One morning we received a visit from the local constable, Mr Duffus, letting us know (although I’m not sure why, unless it was a pointed message to us that we had brought an unsavoury character into the area) that Dennis’s car had been found some way down a disused dirt road, wherein Dennis was “stuffing” someone else’s wife.
Somewhere around this point Christine and Sheree moved back to Melburne, leaving Dennis and his dog to fend for themselves. Dennis got to know a few of the locals around the pool table in the public bar of the Promontory Gate Hotel, in Fish Creek. On another occasion when Dennis had been a non-starter we received another visit from Mr Duffus, who pointed out that Dennis wasn’t milking the cows that morning because he had been found, sound asleep, at the wheel of his car, halfway between the pub and our place, having driven the car off the road and wedged it between two large gum trees in such a way that he could not open any of the doors, and therefore could not get out of the car. Not that he would probably have been sober enough to walk any distance from there anyway, the most likely outcome would have been for him to have been run over after falling asleep on the road, so he was probably safest trapped inside the vehicle.

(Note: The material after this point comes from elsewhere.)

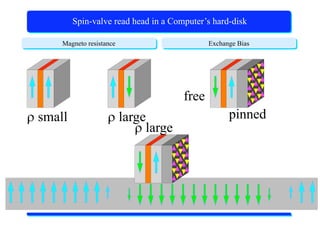 X-Ray Absorption Spectroscopy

It was clear that Dennis had to go, but dad hated having that conversation and kept putting it off. Then one day, Dennis packed up all of his gear and left. Where to, nobody knew. All that he left behind was his dog. Dad fed the dog for a few days, hoping to hear from Dennis so that arrangements could be made. But there was nothing. Eventually a decision had to be made. The dog was of no use to us. One of our neighbours, Joe, was called upon to put the necessary bullet into the poor dog’s brain. As if on cue, almost before the echo from the gunshot had faded, a cloud of dust appeared over the hill. It was Dennis, coming to retrieve his faithful hound. Joe ducked around the corner out of sight, dragging the bloodied corpse with him. Dad at least had the tact not to give any hint to Dennis that five minutes might have made all the difference.
And that, as far as we were concerned, was that. Once, several months later, after a game of cricket, I saw a severely inebriated Dennis struggling with a pool cue at the Meeniyan Hotel. I said hello to him, and perhaps sensed some slight flicker of recognition in response. But more than likely Dennis had moved back to Melbourne, where he disappeared into the populace, and that was the last anyone ever saw or heard of him.
However, the ghost of Dennis may not have left us quite so quickly, or so conclusively. Some time after his departure, Uncle Charlie, whose job it was to secure the perimeter of the property, so as to keep out unwanted ragwort and other noxious weeds, made a surprise discovery: someone had established a crop of marijuana (Uncle Charlie chose to pronounce the “j”) in a piece of bushland along one of the less accessible boundaries. And so we were visited yet again by Mr Duffus (these are the only three times I can remember us ever having had anything to do with the police), who removed the offending items and lay in wait for their owners; who never returned.